Work instructions:
Reproduce the data below exactly as written. Pictures do not belong in the copy.

Raw data:
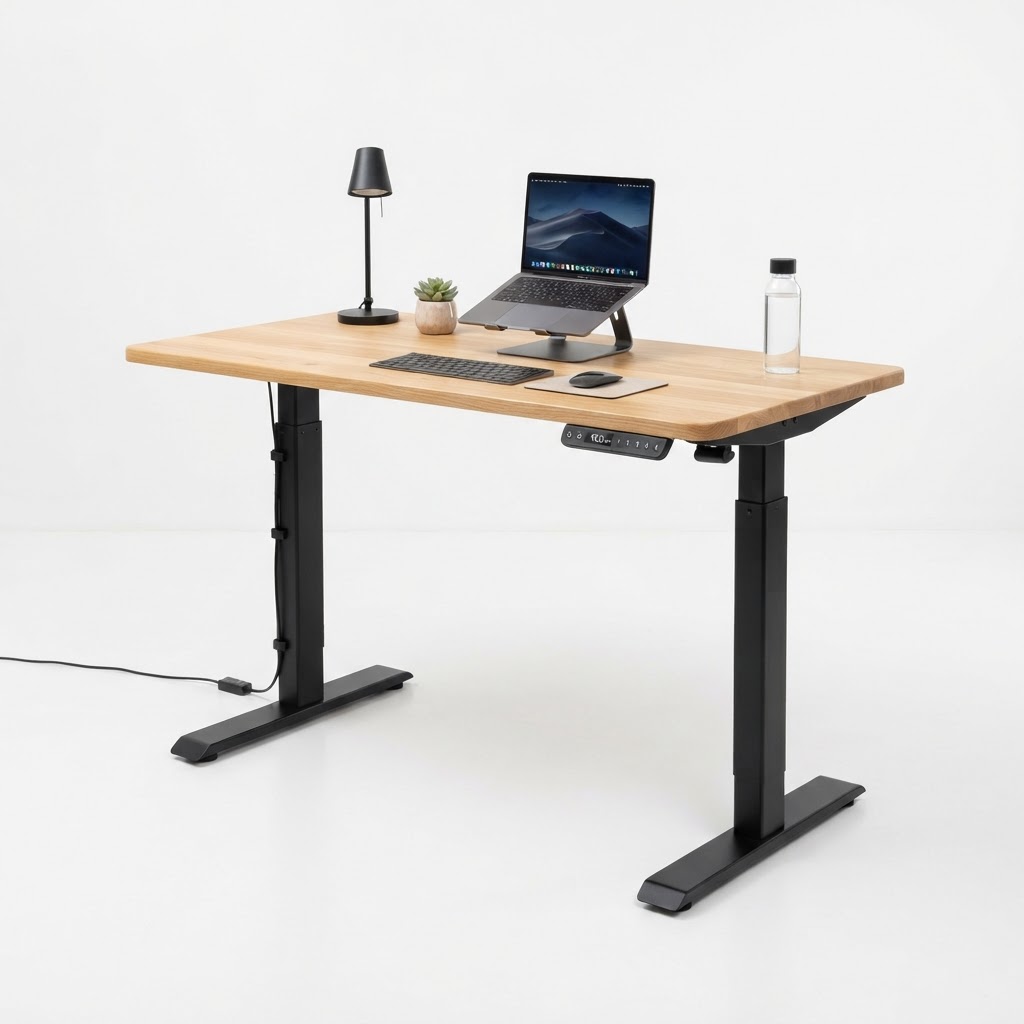 FLEXISPOT Electric Standing Desk 48 x 24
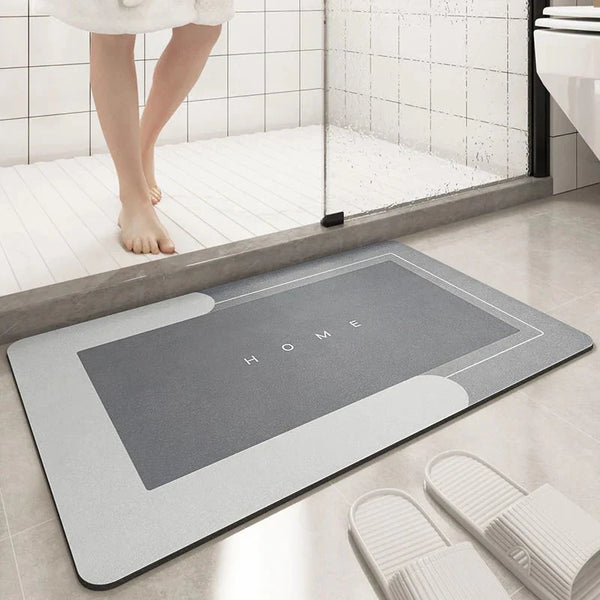 CleanDry  – Instant Absorbent Mat – Keeps Your Space Neat & Dry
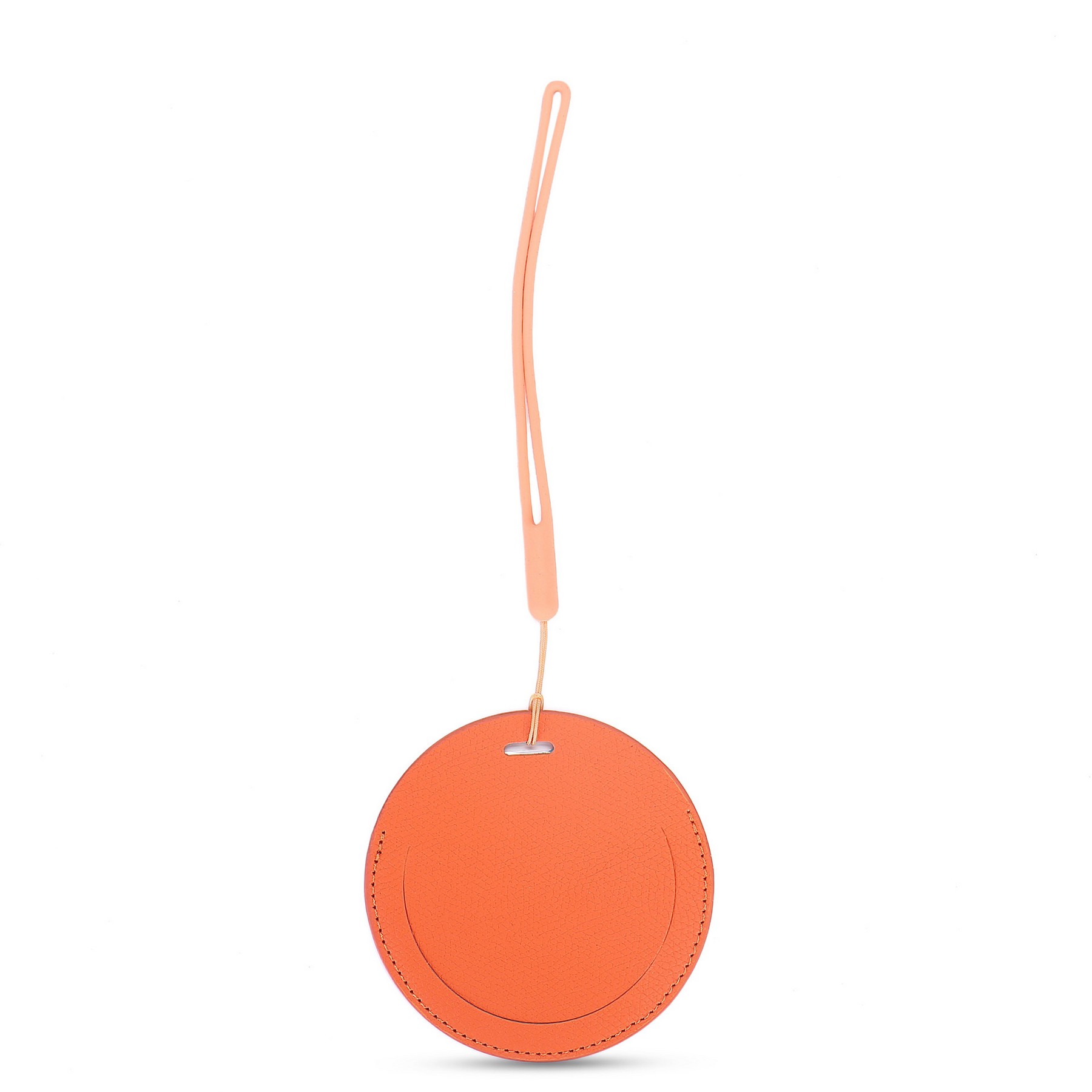 Round Luggage Tag 3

Task response:
 FLEXISPOT Electric Standing Desk 48 x 24
 CleanDry  – Instant Absorbent Mat – Keeps Your Space Neat & Dry
 Round Luggage Tag 3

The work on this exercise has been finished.